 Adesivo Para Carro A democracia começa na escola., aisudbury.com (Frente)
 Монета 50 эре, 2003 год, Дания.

----------

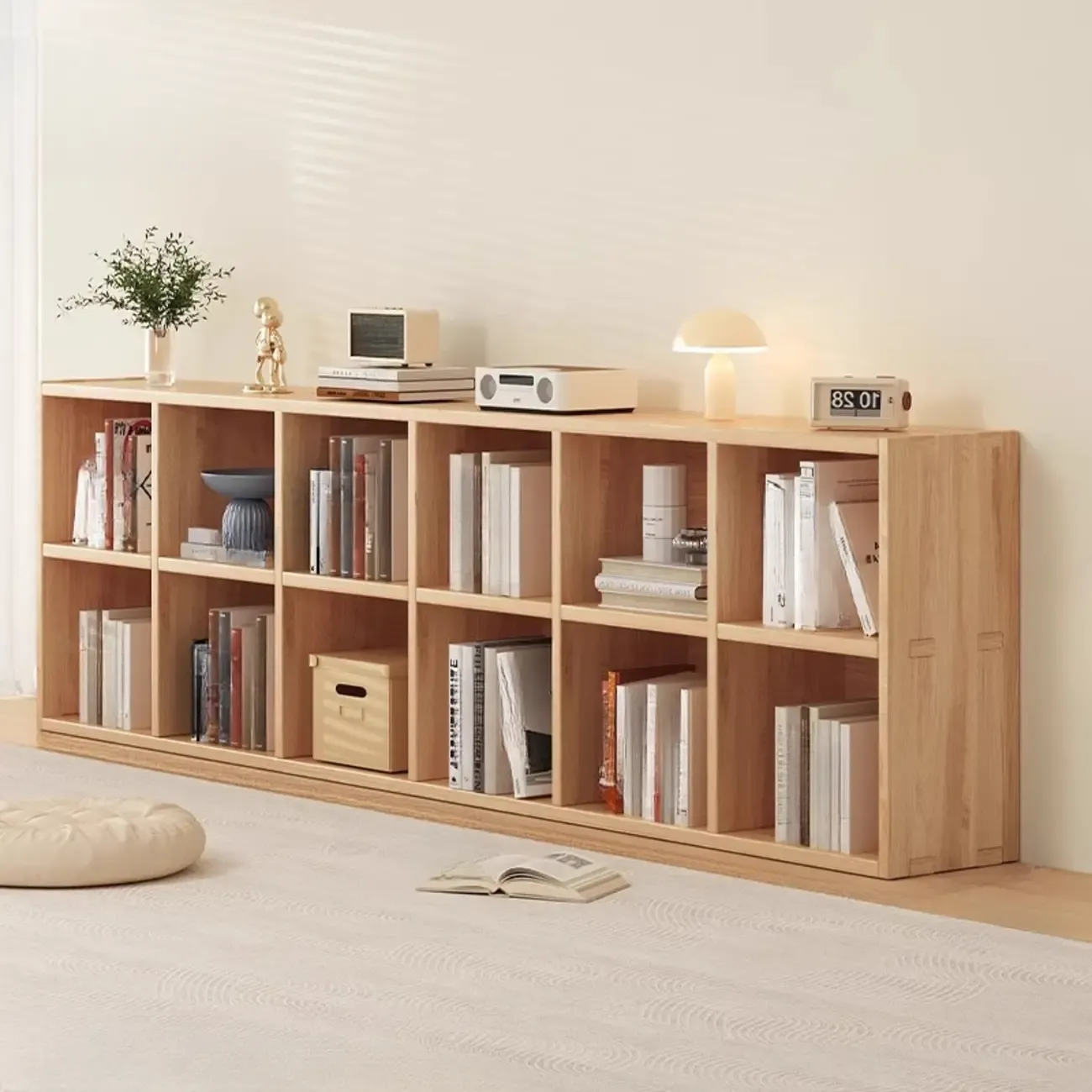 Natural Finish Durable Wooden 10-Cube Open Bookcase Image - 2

----------

**TO DO:**
What is needed is an exact copy of the lines above, from the one containing "Adesivo Para Carro" through the one containing "Монета 50 эре, 2003 год, Дания.", with nothing added.

**RESULT OF THIS TASK:**
 Adesivo Para Carro A democracia começa na escola., aisudbury.com (Frente)
 Монета 50 эре, 2003 год, Дания.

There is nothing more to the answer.